Pour mémoire, le Règlement 6/2002 définit les Dessins ou Modèles Communautaires Non Enregistrés (DMCNE) et prévoit leur protection notamment via les articles suivants :
Article 1
2. Un dessin ou modèle communautaire est protégé:
a) en qualité de « dessin ou modèle communautaire non enregistré », s’il est divulgué au public selon les modalités prévues par le présent règlement;
Article 3
Définitions
Aux fins du présent règlement, on entend par:
a) « dessin ou modèle »: l’apparence d’un produit ou d’une partie de produit que lui confèrent, en particulier, les caractéristiques des lignes, des contours, des couleurs, de la forme, de la texture et/ou des matériaux du produit lui-même et/ou de son ornementation;
article 11
1) Un dessin ou modèle qui remplit les conditions énoncées dans la section 1 est protégé en qualité de dessin ou modèle communautaire non enregistré pendant une période de trois ans à compter de la date à laquelle le dessin ou modèle a été divulgué au public pour la première fois au sein de la Communauté.
Dans un article publié le 5 mars 2020 sur Lexology, Markus B. Bölling expose la teneur de l’arrêt du 30 janvier 2020.
En décembre 2014, Ferrari (demandeur), a publié un communiqué de presse montrant des photos d’une nouvelle voiture de course.
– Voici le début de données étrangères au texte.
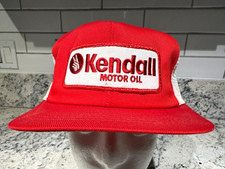 KENDALL MOTOR OIL Vintage Patch Snapback Trucker Hat Cap Mesh Back Made In USA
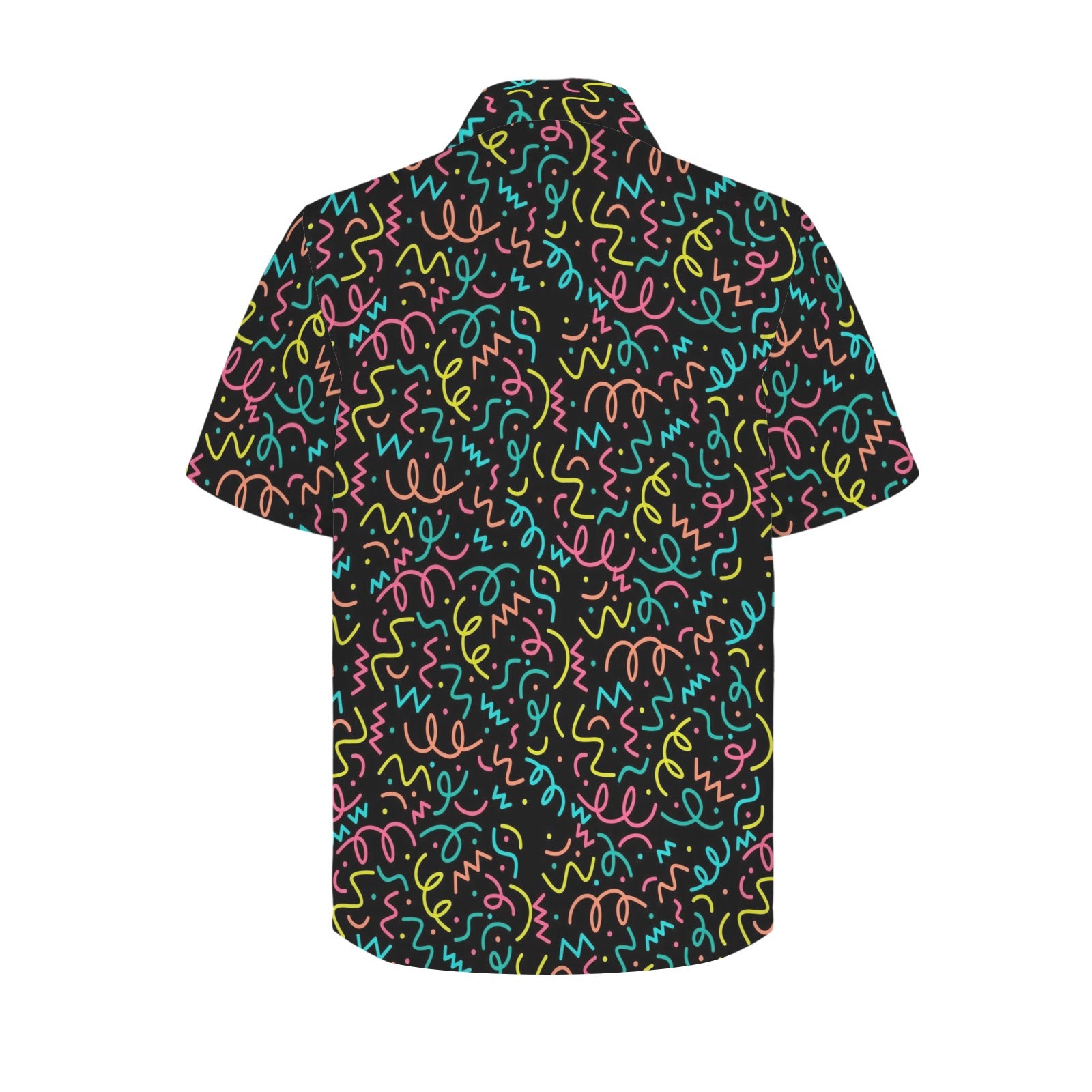 Squiggle Time Men's Short Sleeve Hawaiian Shirt Men's Hawaiian Shirt (New) Printed Offshore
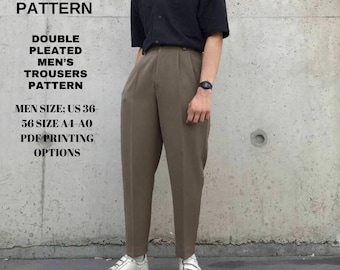 Double pleat easy sewing men's trousers| formatted latter A0-A4 paper size|Men size US 36 to 56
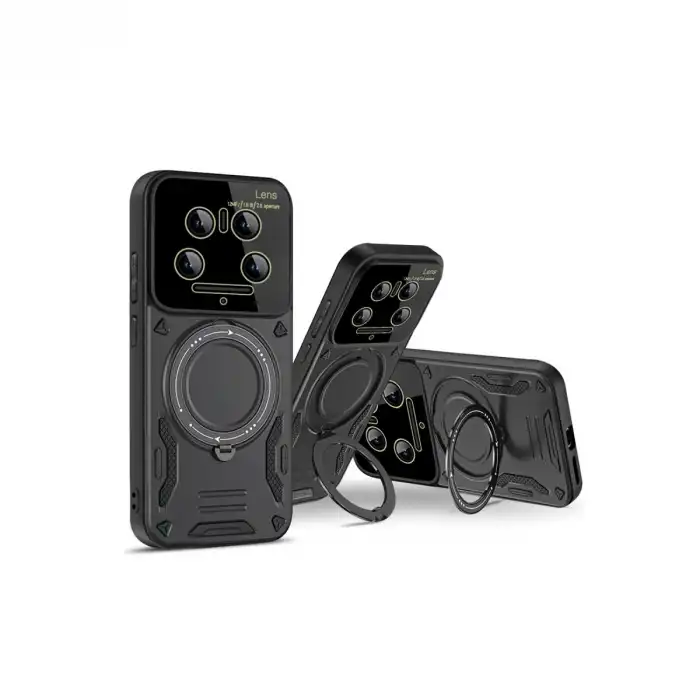 Xiaomi Mi 14 Ultra Kılıf Joy Lens Standlı Kapak - Kırmızı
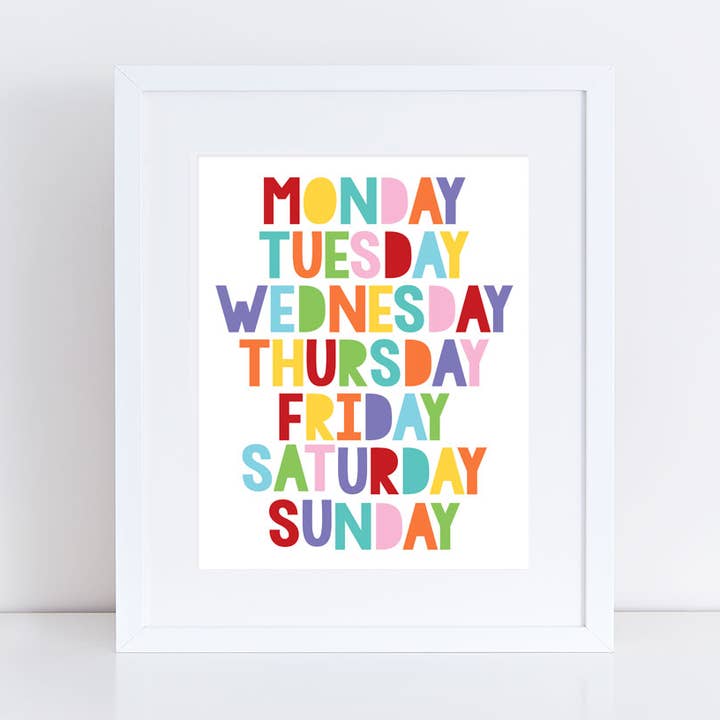Colourful Days Of The Week Print for wholesale by Creative Monsoon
Le défendeur a produit des « front kits » dont l’un d’entre eux ressemblait fortement à la partie avant de la voiture divulguée par Ferrari.
Ferrari a donc soutenu qu’en divulguant l’ensemble de son véhicule en 2014, elle pouvait ainsi prétendre à la protection d’une partie de celui-ci (en l’occurrence une section la partie avant) en tant que dessin ou modèle communautaire non enregistré.
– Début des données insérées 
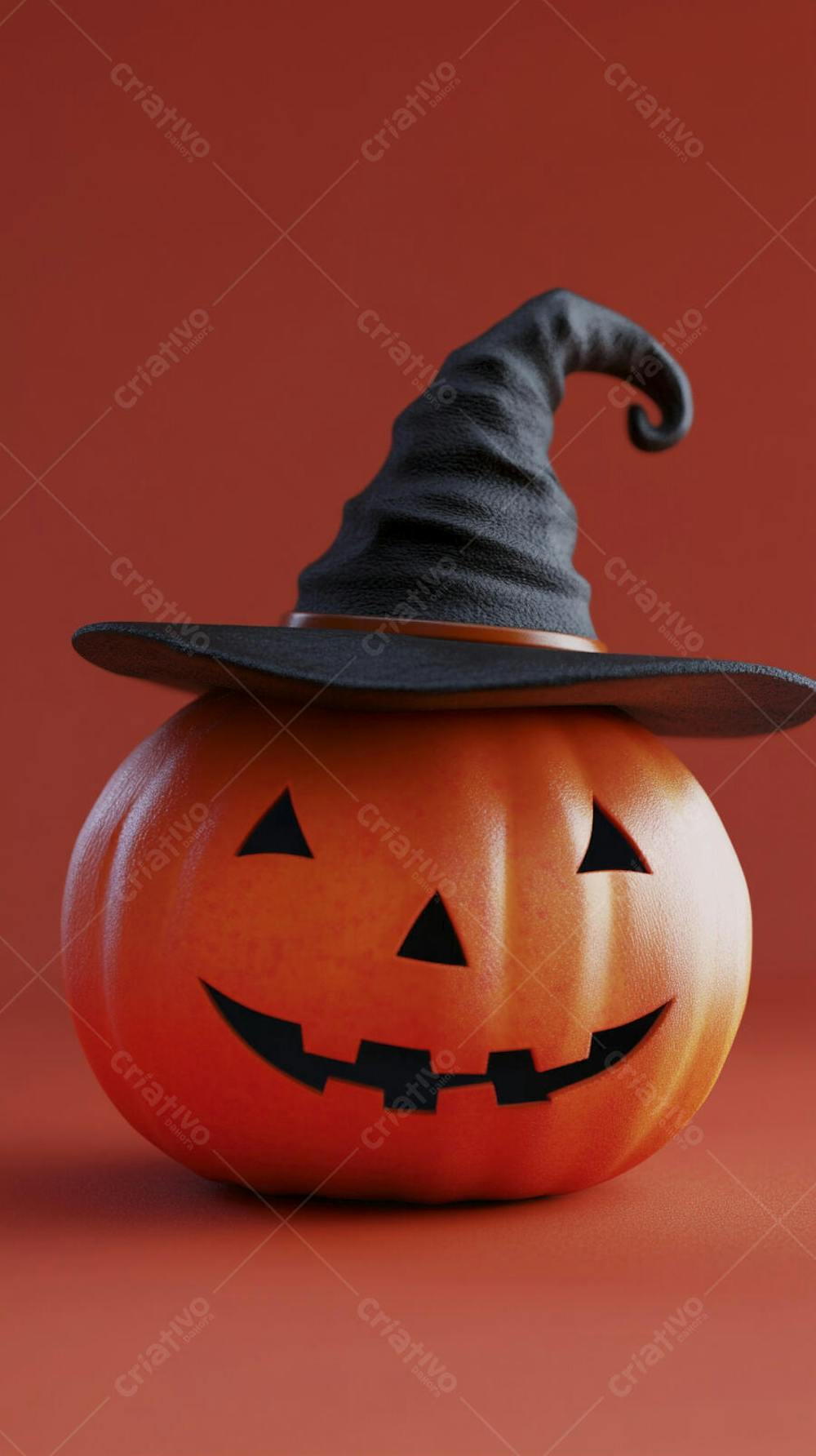Abóbora de Halloween com Chapéu de Bruxa sobre Fundo Laranja Vibrante com Copy Space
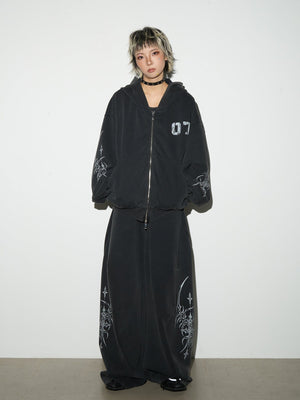 Gothic zip up hoodie – on model, front | XoKool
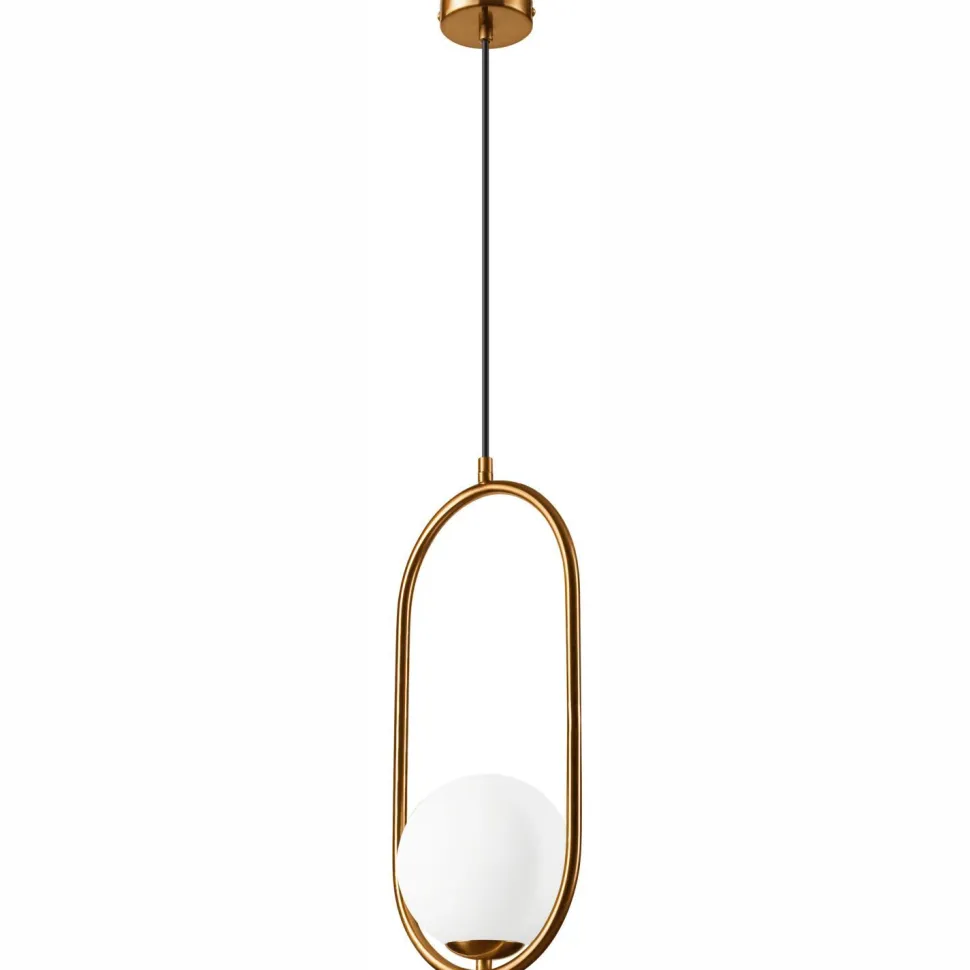 Hängelampe Glaskugel Metall in Messing Weiß G9 bis 5 W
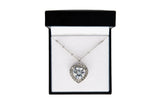 Cubic Zirconia Studded Clear Heart Necklace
Ces prétentions ont été rejetées en première et deuxième instance. La Cour Suprême (der Bundesgerichtshof) a donc décidé d’interroger la CJUE quant à la protection de parties de produits par le biais de DMCNE.
Dans l’arrêt BuckChemie / Henkel rendu en 2017 par le TUE (commenté ici), il avait été question du caractère individuel d’un modèle partiel. De façon intéressante, les antériorités -consistant en la divulgation de l’aspect de produits complets- n’ont pas été considérées comme portant sur l’aspect de parties de produits. Le Tribunal estimait que lorsque est invoquée une partie d’un produit antérieur, celle-ci doit, par rapport au produit complet :
- avoir une certaine indépendance
- en être séparable
- être mise en relief (ou en évidence)
C’est ce que j’avais alors surnommé un « test ISR« .
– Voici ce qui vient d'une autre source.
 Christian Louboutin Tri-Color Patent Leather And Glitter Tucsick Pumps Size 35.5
Ici, dans l’affaire des « front kits » Ferrari, le BGH a donc demandé à la CJUE de se prononcer sur l’interprétation de l’article 11, paragraphes 1 et 2, première phrase et de l’article 4, paragraphe 2, point b), l’article 6, paragraphe 1, point a), du règlement (CE) no 6/2002 du Conseil du 12 décembre 2001 sur les dessins ou modèles communautaires, en répondant aux questions préjudicielles suivantes :
1. La divulgation d’une image globale d’un produit conformément à l’article 11, paragraphes 1 et 2, phrase 1, du règlement (CE) n ° 6/2002 permet-elle d’obtenir des dessins ou modèles communautaires non enregistrés sur des parties individuelles du produit?
2. En cas de réponse affirmative à la première question:
Quel critère juridique doit être appliqué lors de l’examen du caractère individuel conformément à l’article 4, paragraphe 2, lettre b, à l’article 6, paragraphe 1, du règlement (CE) n ° 6/2002 lors de la détermination de l’impression globale dans le cas d’un composant qui – comme par exemple, une partie d’une carrosserie de véhicule – est une partie d’un produit complexe?
En particulier, faut-il examiner si l’apparence du composant dans la perception de l’utilisateur averti n’est pas complètement perdue dans l’apparence du produit complexe, mais a plutôt une certaine indépendance et unité de forme qui permettent de déterminer une impression esthétique globale indépendante de la forme globale?